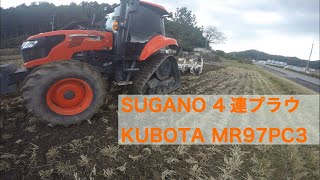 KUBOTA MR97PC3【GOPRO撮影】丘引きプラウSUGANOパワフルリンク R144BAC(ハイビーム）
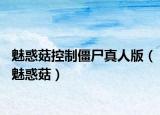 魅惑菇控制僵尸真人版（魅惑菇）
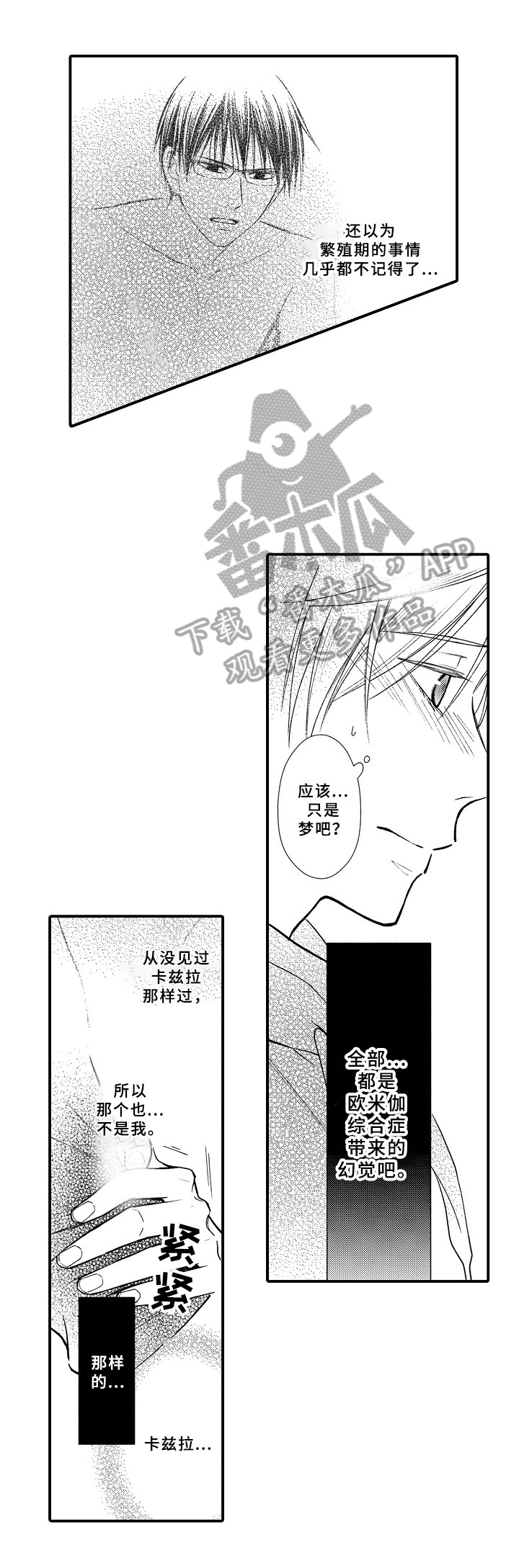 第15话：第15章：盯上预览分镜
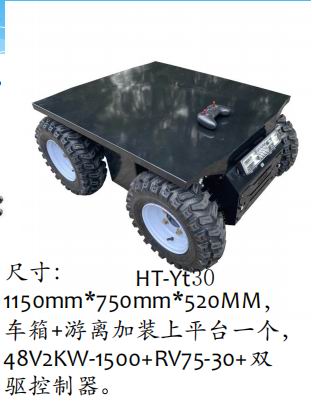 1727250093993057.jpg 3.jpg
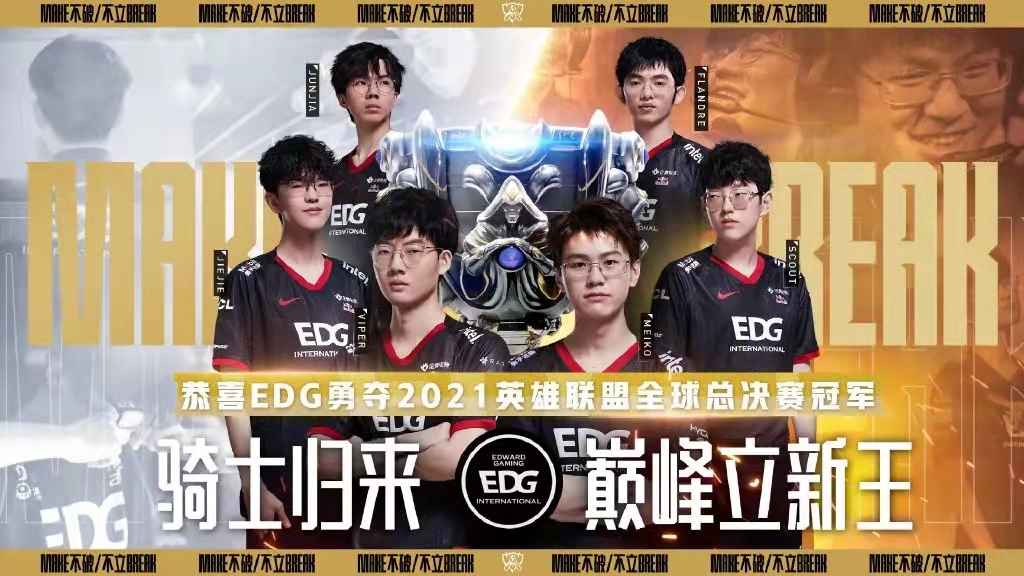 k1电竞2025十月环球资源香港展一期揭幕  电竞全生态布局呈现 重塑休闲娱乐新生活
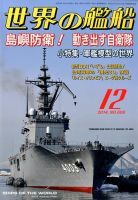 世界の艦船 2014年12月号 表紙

# # # #

- WHAT IS BEING ASKED -
Everything in the records above should be retyped exactly except the pictures.

- WRITTEN REPLY -
 KUBOTA MR97PC3【GOPRO撮影】丘引きプラウSUGANOパワフルリンク R144BAC(ハイビーム）
 魅惑菇控制僵尸真人版（魅惑菇）
 第15话：第15章：盯上预览分镜
 1727250093993057.jpg 3.jpg
 k1电竞2025十月环球资源香港展一期揭幕  电竞全生态布局呈现 重塑休闲娱乐新生活
 世界の艦船 2014年12月号 表紙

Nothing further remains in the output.